Directions:
Give every line of the material back exactly, images removed.

Exercise material:

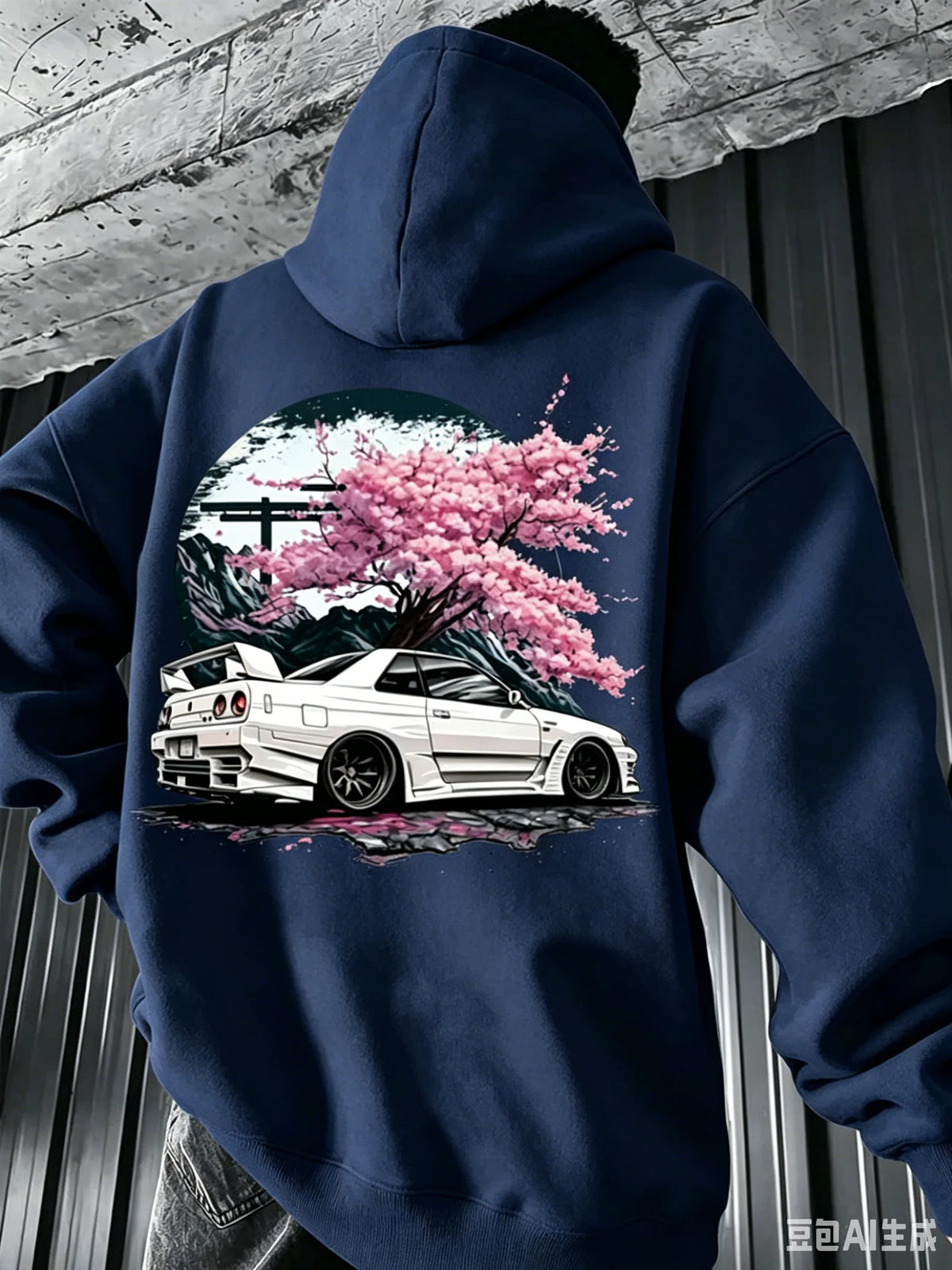 Men's JDM Car & Cherry Blossom Fleece Hoodie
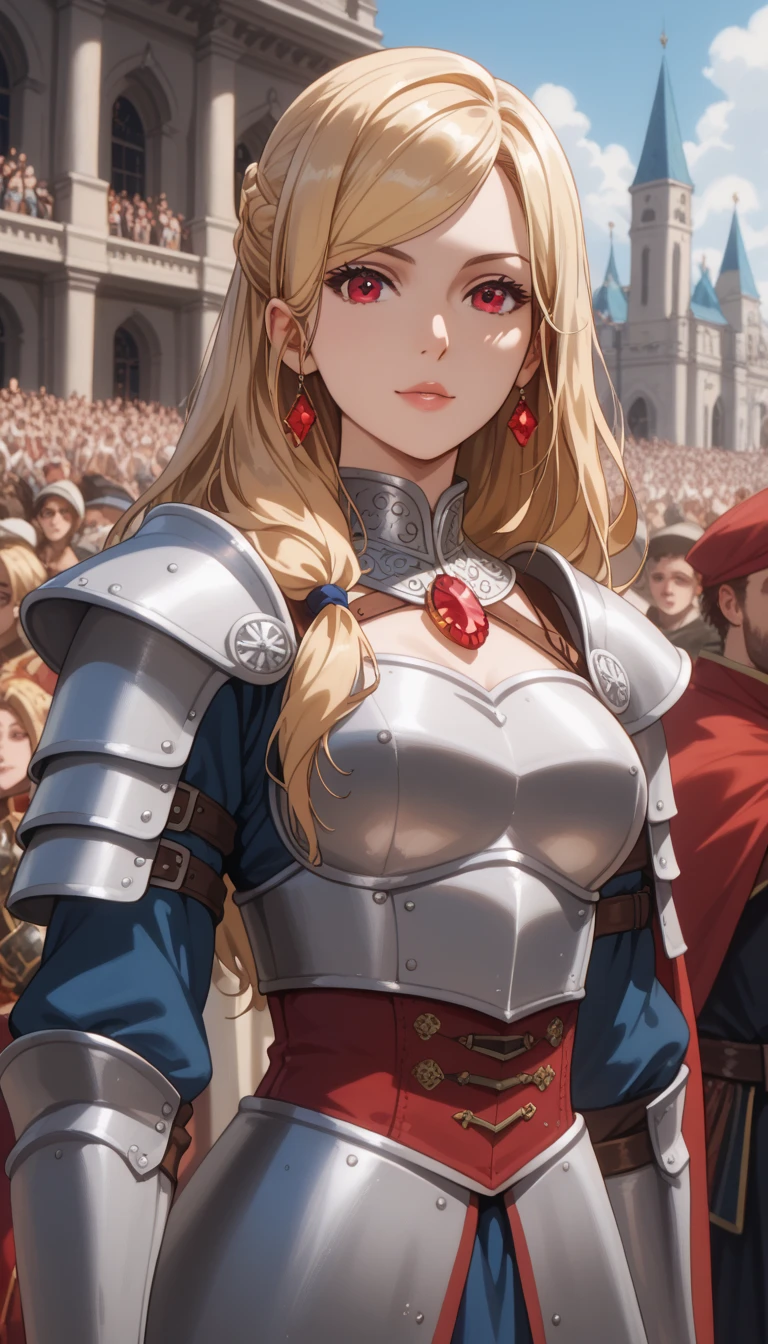 The image depicts a character with long blonde hair adorned in ornate silver armor. The armor is detailed with intricate designs, including spikes on the shoulder plates and a central chest piece that features red gemstones. The setting appears to be a medieval or fantasy environment, suggested by the background elements like the warm lighting and possibly a crowd or banners. This style of armor and the overall aesthetic are commonly associated with fantasy genres, often seen in games, movies, or illustrations depicting knights or warriors.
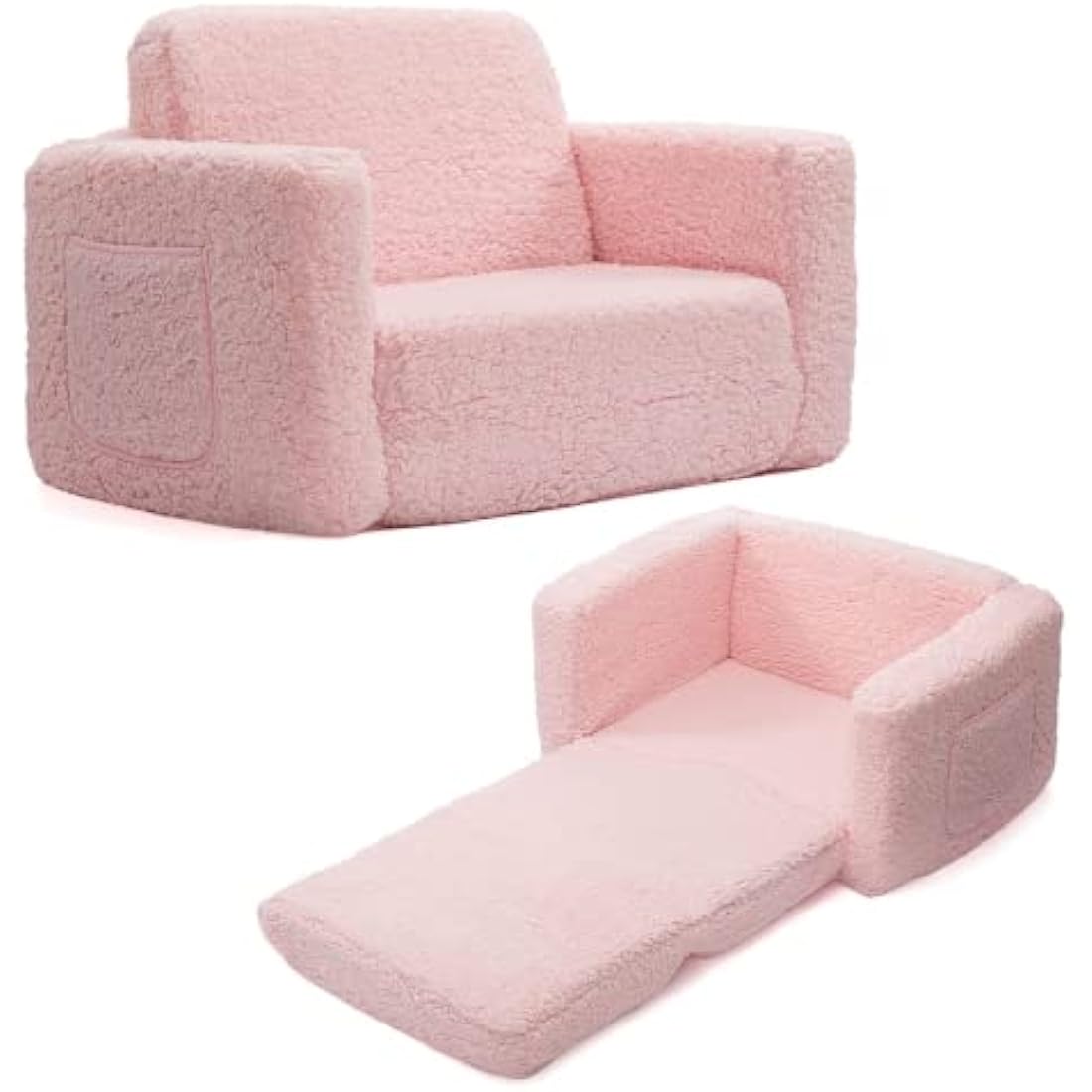 BEJOY Kids 2-in-1 Flip Out Toddler Sofa – Sherpa Convertible Lounger, Pink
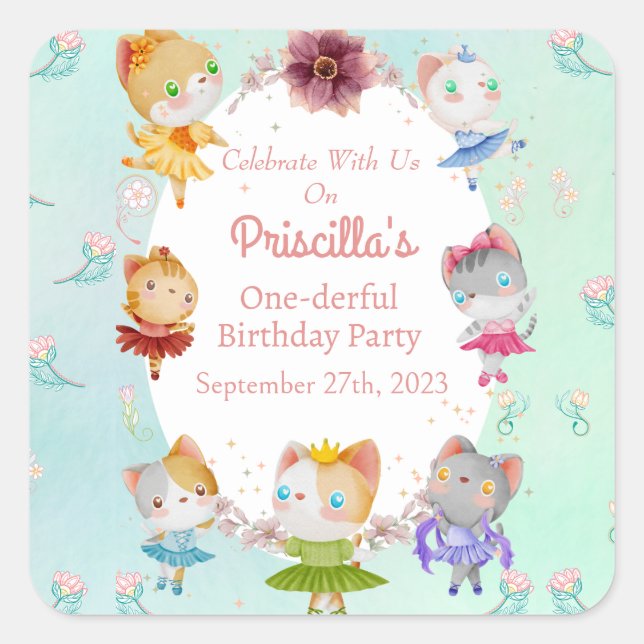 Pastel Green All Ballerina Cat Kids Birthday Party Square Sticker (Front)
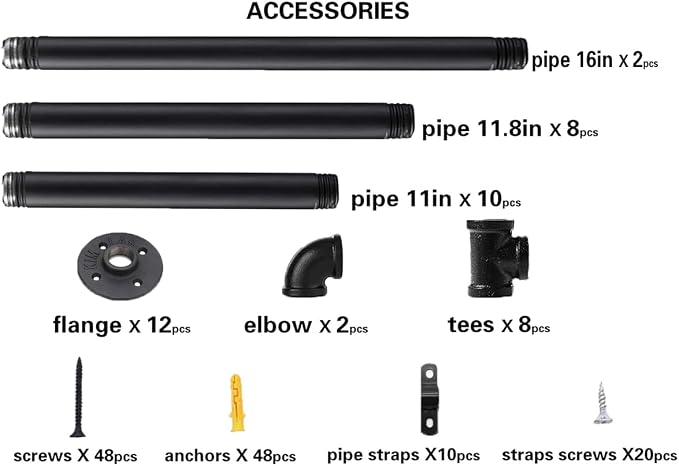 Industrial Wall Mount Iron Pipe Shelf Shelves Shelving Bracket Black Vintage - Image 3
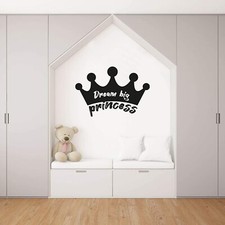 Crown Dream Big Princess Quote Vinyl Wall Art Sticker for Home Room Decals
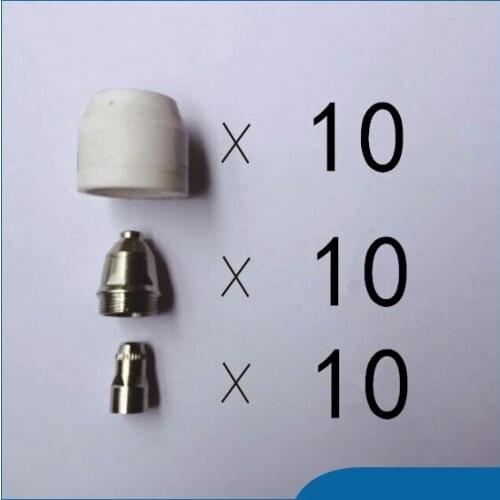 30pcs CUT80 LG80 80A Inverter Plasma Cutter P80 Cutting Machine Gun Consumable or Accessories Shield Porcelain Cup Electrode Tip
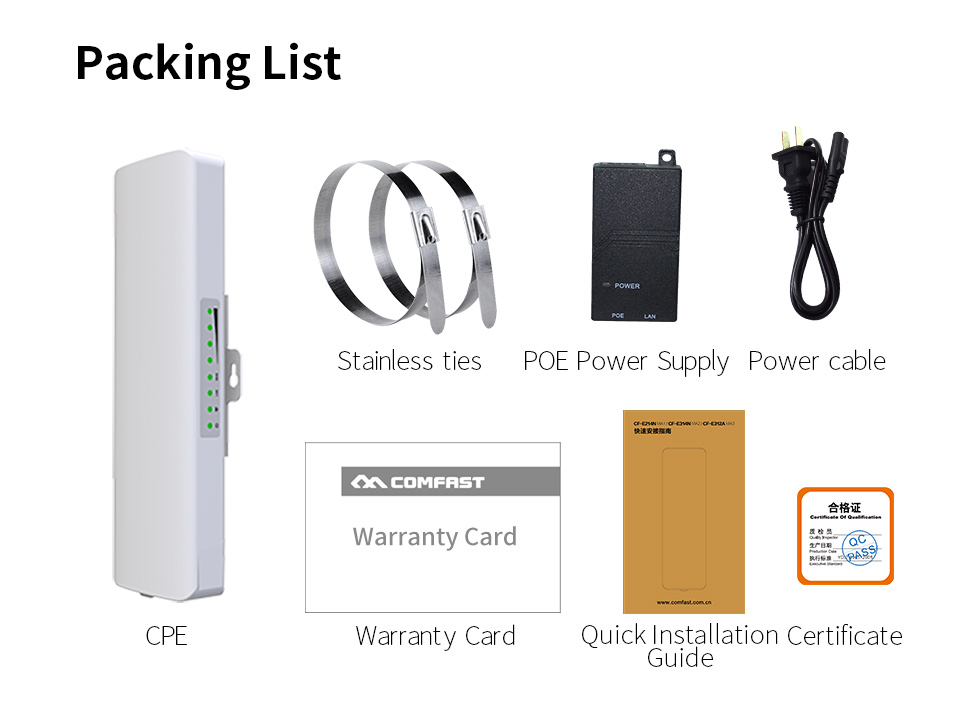 COMFAST CF-E314N V2 300Mbps Wireless Outdoor CPE Bridge 2.4Ghz Dual ...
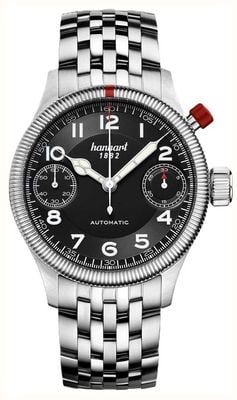 Hanhart PIONEER MonoScope Automatic Chronograph (45mm) Black Dial / Stainless Steel Bracelet 733.210-6428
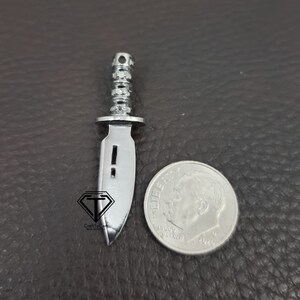 Pave Diamond Knife Charm:  Sterling Silver Jewelry Finding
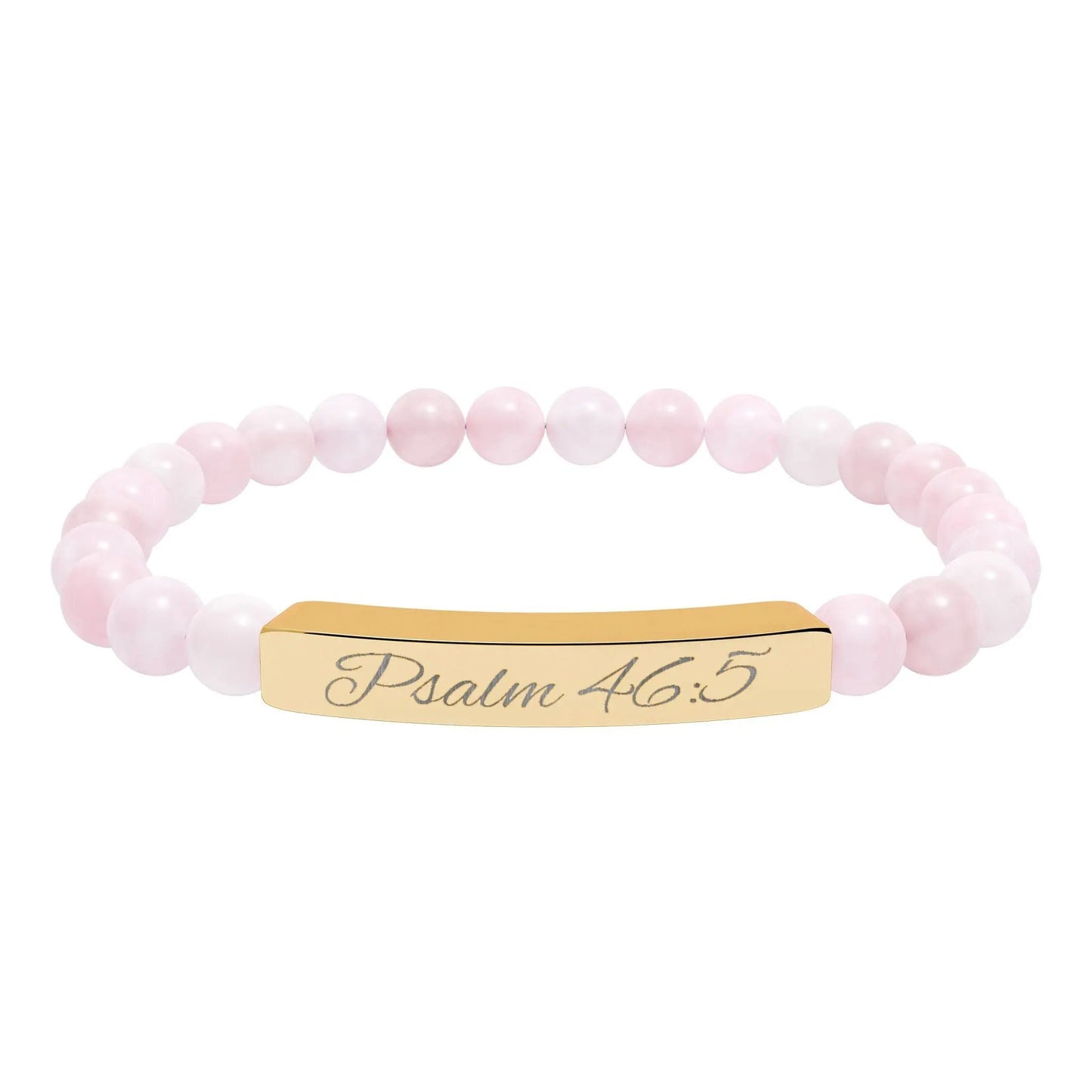 Psalm 46:5 Engraved Natural Stone Bead Bracelet — Personalized Bar Stretch Bracelet Printify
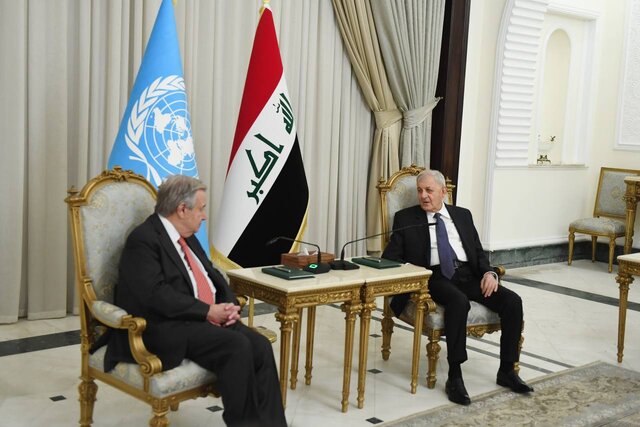دیدار رئیس‌جمهور عراق و دبیرکل سازمان ملل در بغداد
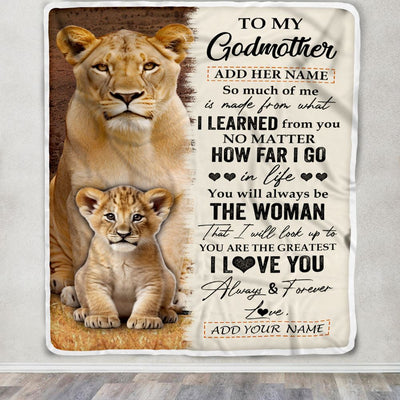 Personalized To My Godmother Blanket From Godson Goddaughter You Are The Greatest Lion Godmother Birthday Gifts Mothers Day Christmas Customized Fleece Blanket | siriusteestore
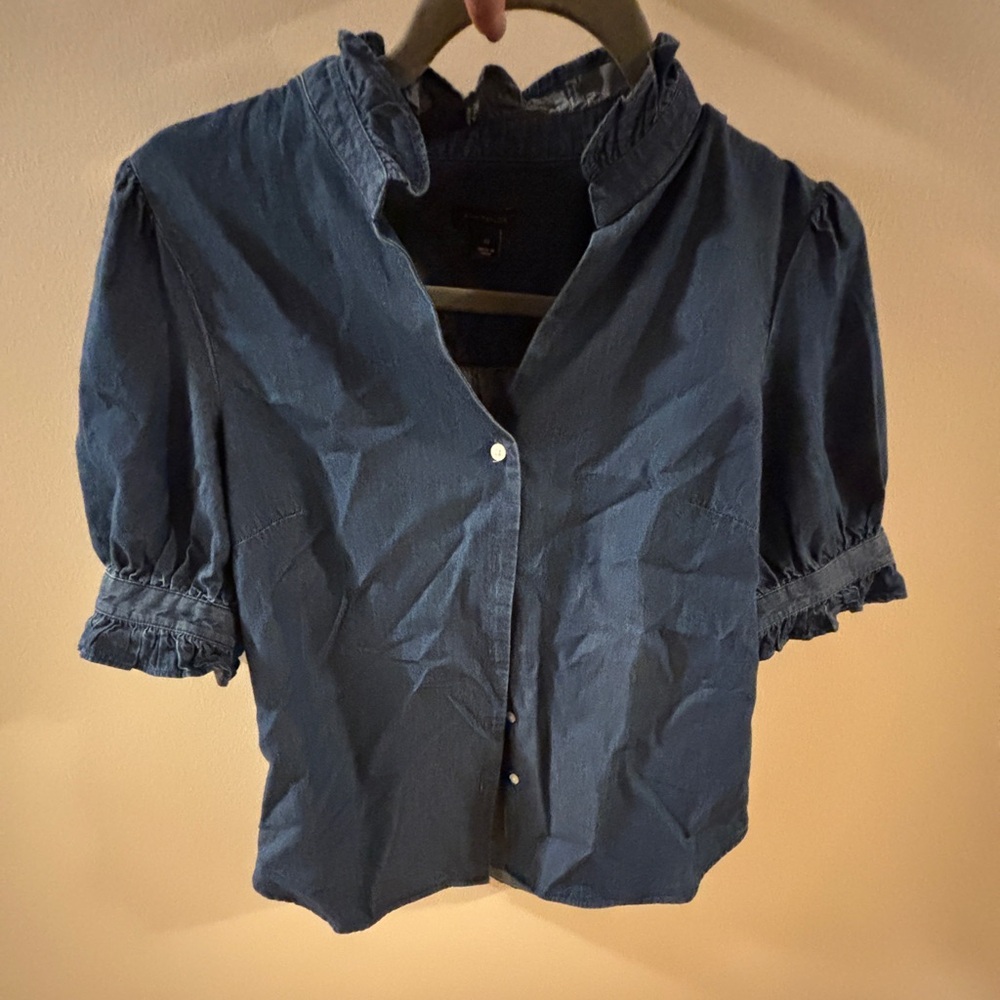 Ann Taylor Ruffle Sleave Blue Blouse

Answer to this task:
 Men's JDM Car & Cherry Blossom Fleece Hoodie
 The image depicts a character with long blonde hair adorned in ornate silver armor. The armor is detailed with intricate designs, including spikes on the shoulder plates and a central chest piece that features red gemstones. The setting appears to be a medieval or fantasy environment, suggested by the background elements like the warm lighting and possibly a crowd or banners. This style of armor and the overall aesthetic are commonly associated with fantasy genres, often seen in games, movies, or illustrations depicting knights or warriors.
 BEJOY Kids 2-in-1 Flip Out Toddler Sofa – Sherpa Convertible Lounger, Pink
 Pastel Green All Ballerina Cat Kids Birthday Party Square Sticker (Front)
 Industrial Wall Mount Iron Pipe Shelf Shelves Shelving Bracket Black Vintage - Image 3
 Crown Dream Big Princess Quote Vinyl Wall Art Sticker for Home Room Decals
 30pcs CUT80 LG80 80A Inverter Plasma Cutter P80 Cutting Machine Gun Consumable or Accessories Shield Porcelain Cup Electrode Tip
 COMFAST CF-E314N V2 300Mbps Wireless Outdoor CPE Bridge 2.4Ghz Dual ...
 Hanhart PIONEER MonoScope Automatic Chronograph (45mm) Black Dial / Stainless Steel Bracelet 733.210-6428
 Pave Diamond Knife Charm:  Sterling Silver Jewelry Finding
 Psalm 46:5 Engraved Natural Stone Bead Bracelet — Personalized Bar Stretch Bracelet Printify
دیدار رئیس‌جمهور عراق و دبیرکل سازمان ملل در بغداد
 Personalized To My Godmother Blanket From Godson Goddaughter You Are The Greatest Lion Godmother Birthday Gifts Mothers Day Christmas Customized Fleece Blanket | siriusteestore
 Ann Taylor Ruffle Sleave Blue Blouse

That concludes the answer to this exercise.